Your Actions Can Change The World
Updated: Jul 20, 2018
WP3 lead, Eleanor Turner shares her first encounter with beach cleaning and realising the difference we as individuals can make.
Changing the world one beach at a time!
Growing up not a ten-minute walk from the beach, my childhood memories are filled with long hazy days on the coast. One in particular that sticks out is a fine summer morning when my brother and I had walked to the nearest beach, Rath, before the sun had climbed over the mountain and the air was still cool from the nights’ rain. Early morning adventures always make me feel like you are seeing a secret part of the world where people haven’t imposed themselves yet, but this day we met a man on the beach.
He had an old sack in his hand and was filling it with the flotsam and jetsam caught in the seaweed at the high tide line. “He does that every day” my brother whispered. Three years older, he was a fountain of local knowledge. In my innocence, I imagined he had been designated the job by someone and I thought to myself, “how do I get a job like that?”.
Fast forward nearly 30 years and here I am, a marine biologist, working with Sea Synergy; a marine awareness and activity company, and in facing the tide of plastic pollution washing up on our shores every minute, organising beach cleans and workshops to support a move away from single use plastic that have created a cascade of damage in our oceans.
Cleaning your local beach is one of the most effective and simple ways you can impact positively on the issue of plastic in the ocean.
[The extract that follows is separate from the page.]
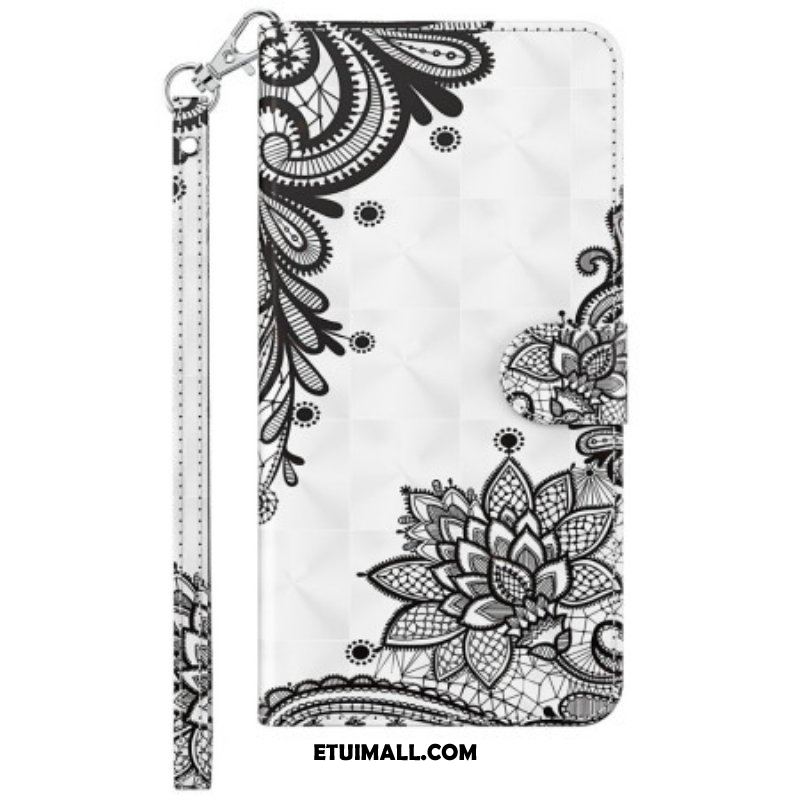 Etui Folio do Samsung Galaxy M13 Koronka Z Paskiem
It’s not all hard slog and things you wouldn’t want to touch without a hazmat suit on, I promise. Mostly it’s plastic bottles, little bits of fishing nets or rope and every now and again a treasure, like a lost toy horse or plastic soldier, a fishing tag or buoy lost overboard that can be traced back to its rightful owner; sometimes a whole continent away. It’s an evening out with your friends for a walk, having a laugh and contributing to something much bigger than ourselves.
Most of all its simple; take a bag, or just fill your pocket. You can even post your finds online and join movements like #twominutebeachclean or #takethreeforthesea on Instagram or follow beach cleaning groups on Facebook that will help you identify the origins of your unusual finds. If you like to work in groups, check out the Clean Coasts website, where you can locate your nearest registered Clean Coasts group and join organised beach cleans or start your own group. Clean Coasts will even send you out all the equipment you need.
Most importantly, don’t be afraid to do something, be that man on the beach at daybreak collecting ocean plastics, you never know who is watching. Your actions can change the world.